# Confused...please help



## craigmackd (Jun 16, 2014)

Hello all. I have been married for 12 years, to my high school girlfriend. We have two beautiful children, ages 9 and 5. I have always been faithful to my wife, until about 6 months ago. After years of arguing about money, parenting styles, etc, I fell out of love with my wife. We seem to talk only to argue, and I feel like the guy who just pays the bills and not much else. Then, I meet a woman who is married but divorcing. She is everything I could hope for in a partner and makes me feel happy. We talk, constantly. Eventually, the inevitable happens, and I fall in love. Her divorce goes through, and our affair continues.

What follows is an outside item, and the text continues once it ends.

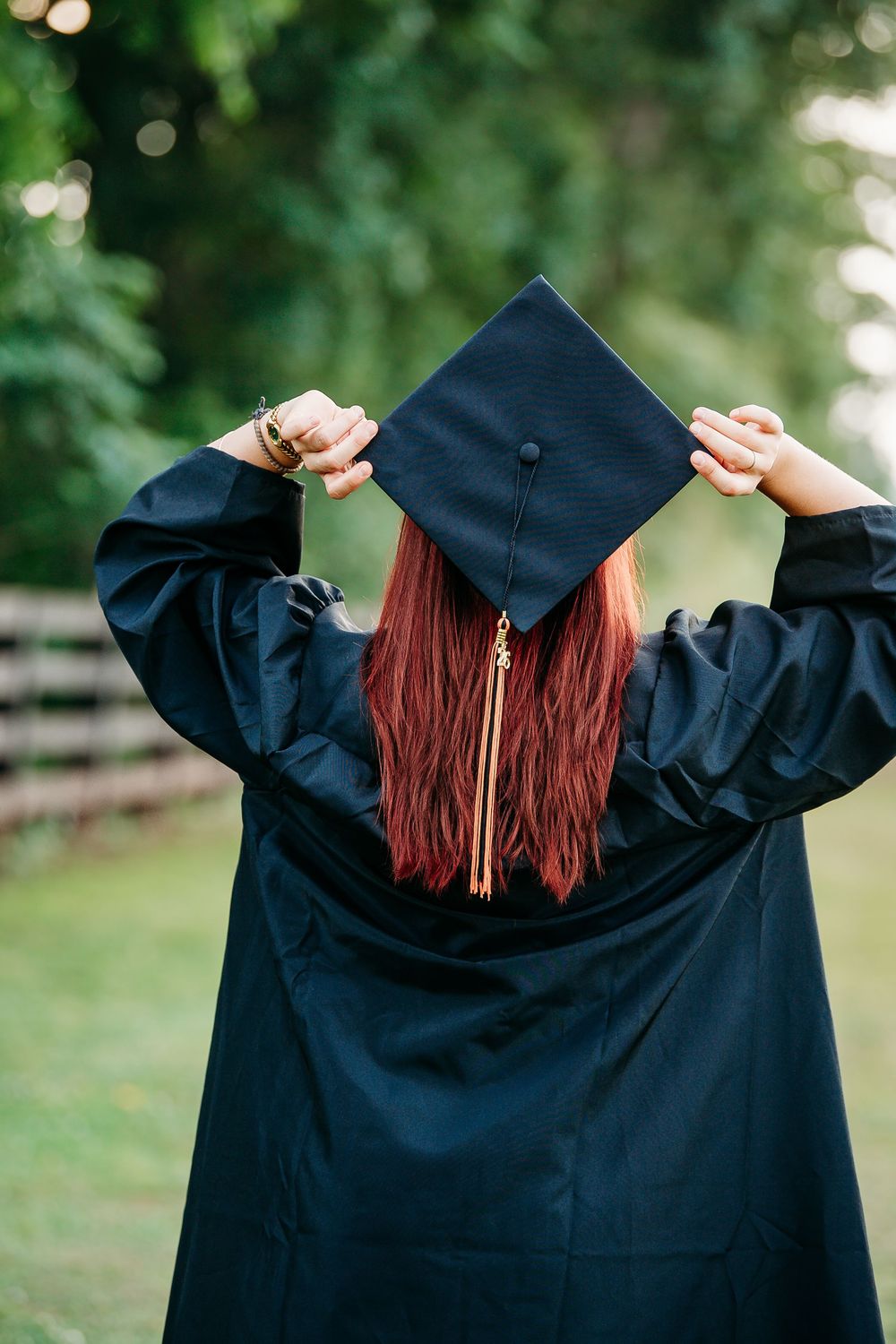 Graduate in black cap and gown holding mortarboard with red hair, viewed from behind outdoors.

I am still on the fence about what to do, because my wife has an illness and needs my health insurance. She would also have to move and get a full time job to support the kids. I feel alot of guilt but do not get along with her anymore. She wants nothing to do with the divorce, and is willing to work on it, but I am just not there emotionally anymore, and could totally see myself with someone else. Any advice would be appreciated. Thank you


----------



## *LittleDeer* (Apr 19, 2012)

A lot of people have an apiphany and suddenly realise how bad their relationship was when they meet someone and have an affair. If you had never met her, you would probably describe your relationship differently. 

Your wife deserves better then you. You made vows to her and made no real effort to improve your relationship. 

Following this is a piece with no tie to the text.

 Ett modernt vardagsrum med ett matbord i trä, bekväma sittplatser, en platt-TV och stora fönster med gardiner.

Instead of turning towards your wife when you found another woman attractive, you kept indulging to feed your ego, to make you feel excited. A new relationship is always more exciting, however imagine how your marraige could have been if you put the energy into your marraige.


----------



## peacenlove (Jun 16, 2014)

Hi confused..loving someone is a decision to make..not a feeling..you can love your wife again. But you have to stop the affair. And you have to try counselling immediately. I understand your need to feel loved and appreciated. But affairs are not the way to go about it. The love you feel now for the other woman; is the "honeymoon" phase, its new and exciting. This doesn't last, if you were to leave your wife. Real life will set in, there will be bills to argue about, etc. Try hard with your wife first. There are children to think about first. If you both work hard on you marriage, you can be happy again. Trust me on this. If you both try hard thru counselling; and it doesn't work...then you know what to do. But at least you will have given it your all. Don't give up yet. Good luck. But you have to stop the affair..and don't tell your wife about it. This will cause her unforgettable and unimaginable pain. Women have very long memories.


----------



## MoonBay (Mar 10, 2013)

What you describe that you feel with the other woman is a high that everyone gets when they're first in a relationship with someone.

After a while, the brain stops releasing those chemicals and you don't feel that high anymore. 

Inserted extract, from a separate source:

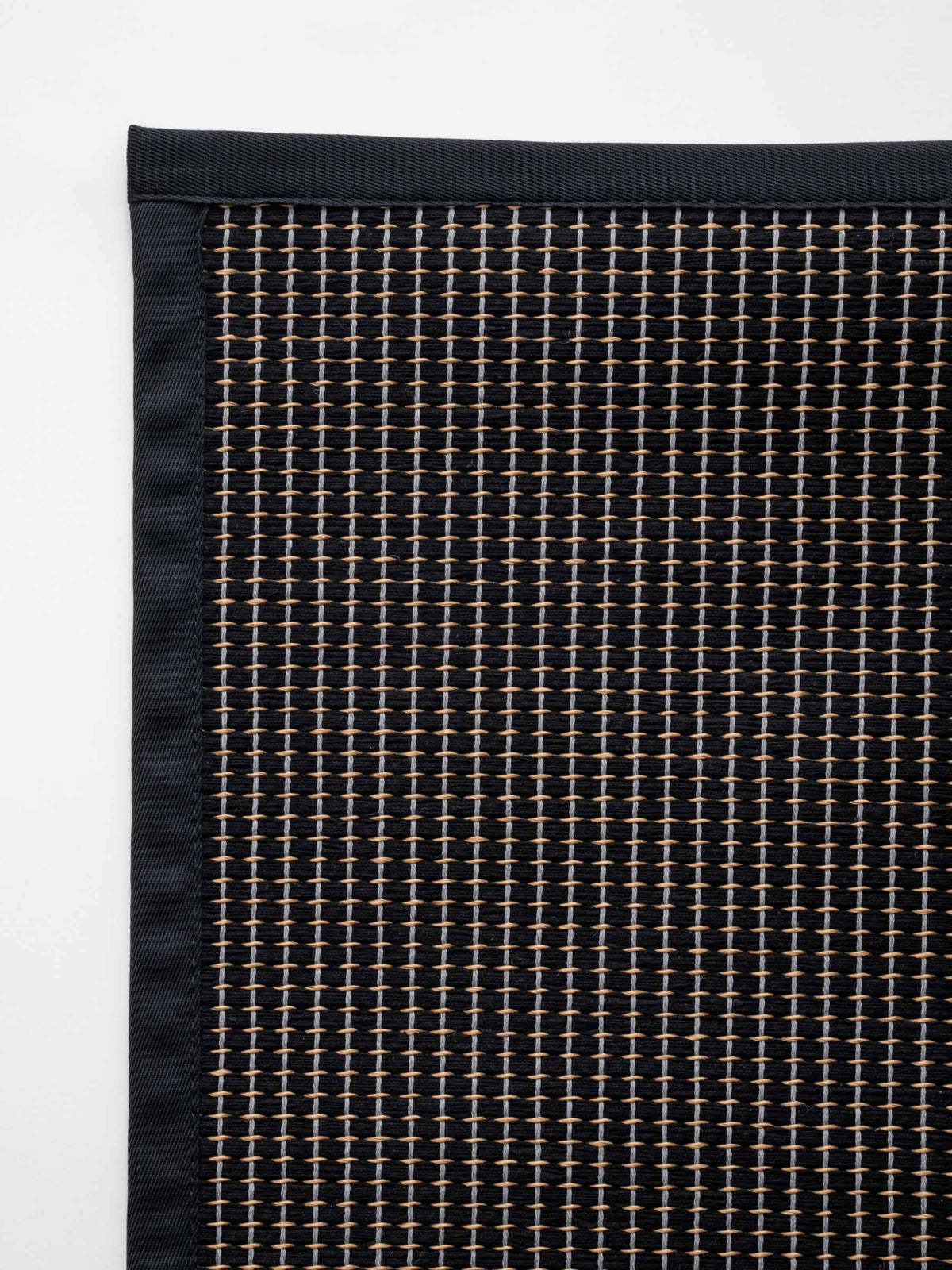 Lyra cotton-paper yarn rug in Soft Black – NORUM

What you describe isn't "being in love." It's infatuation.

If you want to honestly work on your marriage and fall back in love with your wife, you *MUST* *MUST* cut off ALL contact with the OW. 

Rip off the band aid instantly and never ever contact her again. Permanent no contact.

Get yourself into MC and IC.


----------



## TryingTilda (Apr 21, 2014)

I disagree with first 3 posts. Your wife sounds selfish and unwilling to work on herself leaving you miserable. It takes two people to make a happy relationship. It would have been a better situation had you dealt with her lousy behavior toward you before you met the other woman. I would take it step by step if I were you.
I don't agree that the new woman is just a high, but you do need to take the right steps to get to know each other more. Maybe she is the one for you!
As hard as it seems, you might have to be honest and separate so you can work on getting to know her more yet provide for your wife. I feel bad for people caught in this situation.
I've been dealing with something similar for 3 years. I have juggled 2 people in my life, gotten counseling and been as honest as I can with myself and with my husband. It's not easy, but I am taking care of MYSELF and my needs first. Eventually things will work out. Your affair isn't just a selfish act. I think you tried and you are in pain. Keep posting, praying and reading etc.
You will probably get a lot of haters that think you are supposed to stay miserable...just ignore them.


----------



## SamuraiJack (May 30, 2014)

I smell...cake


----------



## OpenEnded (Jul 30, 2012)

TryingTilda said:


> I disagree with first 3 posts. Your wife sounds selfish and unwilling to work on herself leaving you miserable. It takes two people to make a happy relationship. It would have been a better situation had you dealt with her lousy behavior toward you before you met the other woman. I would take it step by step if I were you.
> I don't agree that the new woman is just a high, but you do need to take the right steps to get to know each other more. *Maybe she is the one for you!*
> As hard as it seems, you might have to be honest and separate so you can work on getting to know her more yet provide for your wife. I feel bad for people caught in this situation.
> I've been dealing with something similar for 3 years. I have *juggled 2 people in my life*, gotten counseling and *been as honest as I can with myself and with my husband. It's not easy, but I am taking care of MYSELF and my needs first.* Eventually things will work out. Your affair isn't just a selfish act. I think you tried and you are in pain. Keep posting, praying and reading etc.
> You will probably get a lot of haters that think you are supposed to stay miserable...just ignore them.


It's never easy...


----------